Captioned web image data:

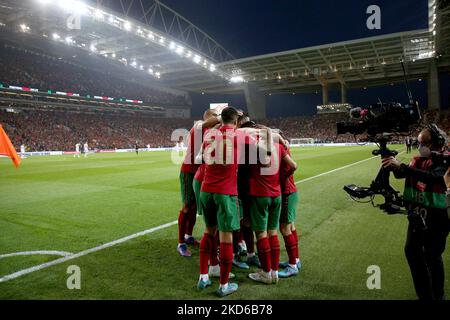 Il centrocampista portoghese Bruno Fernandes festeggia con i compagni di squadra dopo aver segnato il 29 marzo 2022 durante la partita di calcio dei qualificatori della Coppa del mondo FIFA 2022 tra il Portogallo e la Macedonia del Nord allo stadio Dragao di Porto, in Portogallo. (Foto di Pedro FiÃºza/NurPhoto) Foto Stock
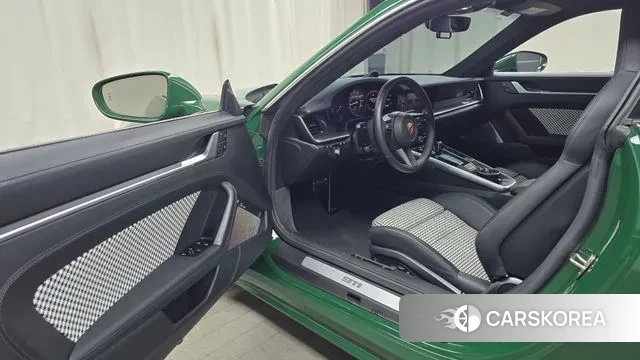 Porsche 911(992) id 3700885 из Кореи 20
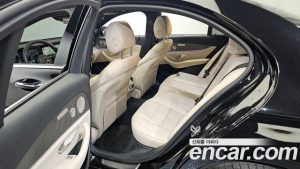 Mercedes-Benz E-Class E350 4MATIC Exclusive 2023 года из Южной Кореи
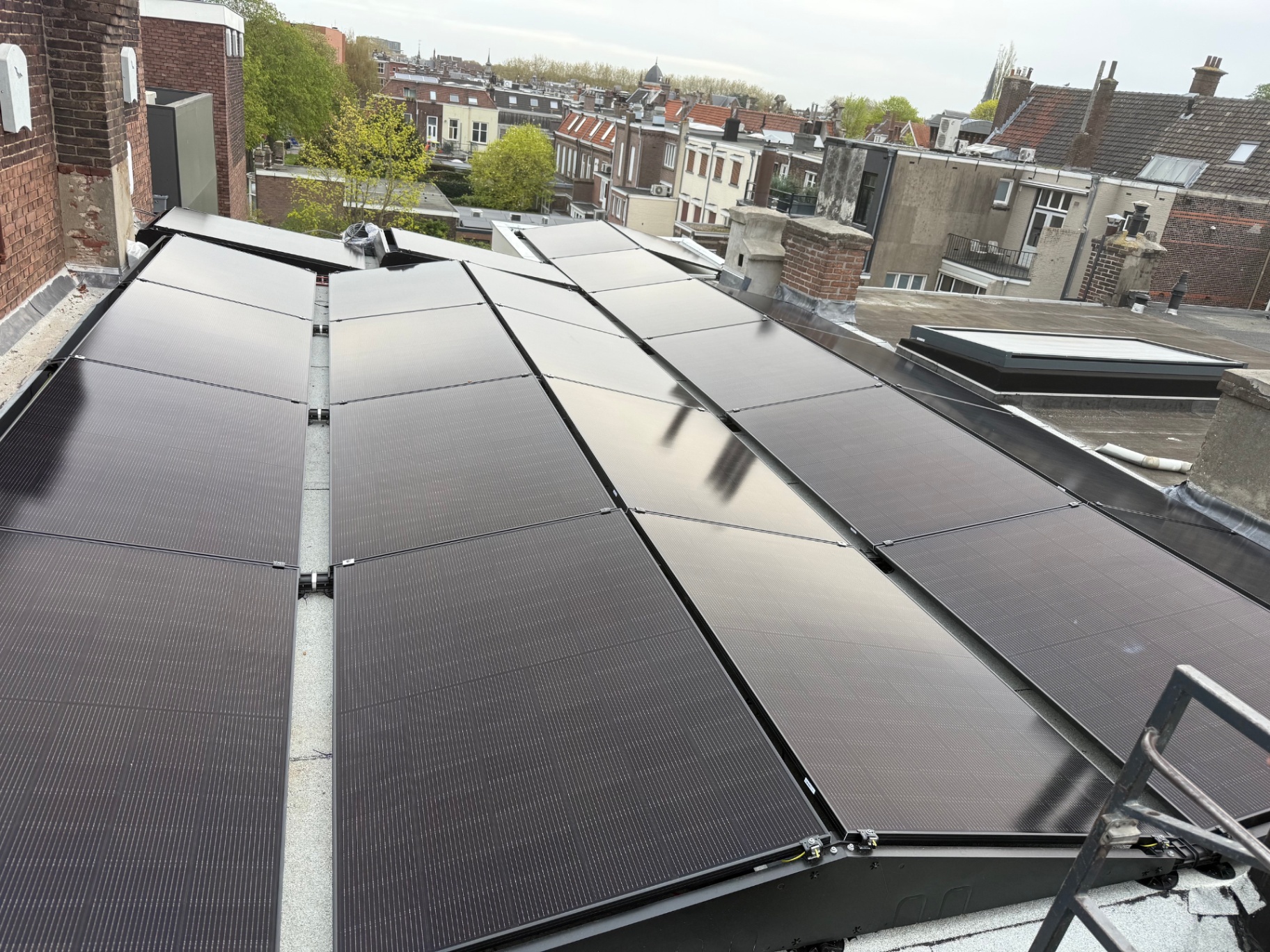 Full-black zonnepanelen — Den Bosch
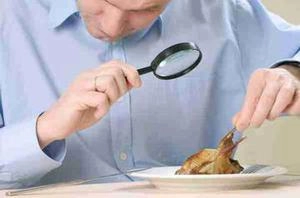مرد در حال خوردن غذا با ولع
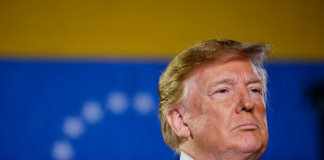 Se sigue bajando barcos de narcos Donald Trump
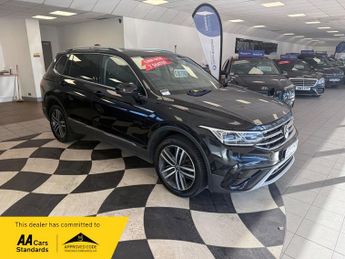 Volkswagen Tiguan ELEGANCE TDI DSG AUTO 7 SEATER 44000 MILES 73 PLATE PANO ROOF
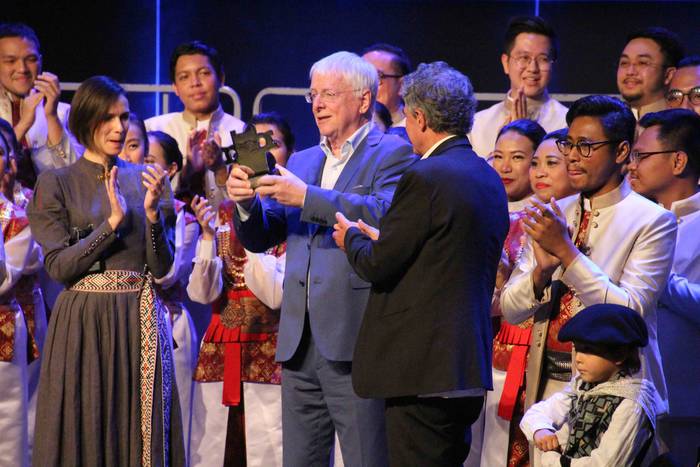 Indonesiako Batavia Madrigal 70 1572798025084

▸ Task objective: Your task is to transcribe exactly the lines from the one containing "Se sigue bajando" through the final line of the entries above, pictures excluded.

▸ Result of the exercise:
 Se sigue bajando barcos de narcos Donald Trump
 Volkswagen Tiguan ELEGANCE TDI DSG AUTO 7 SEATER 44000 MILES 73 PLATE PANO ROOF
 Indonesiako Batavia Madrigal 70 1572798025084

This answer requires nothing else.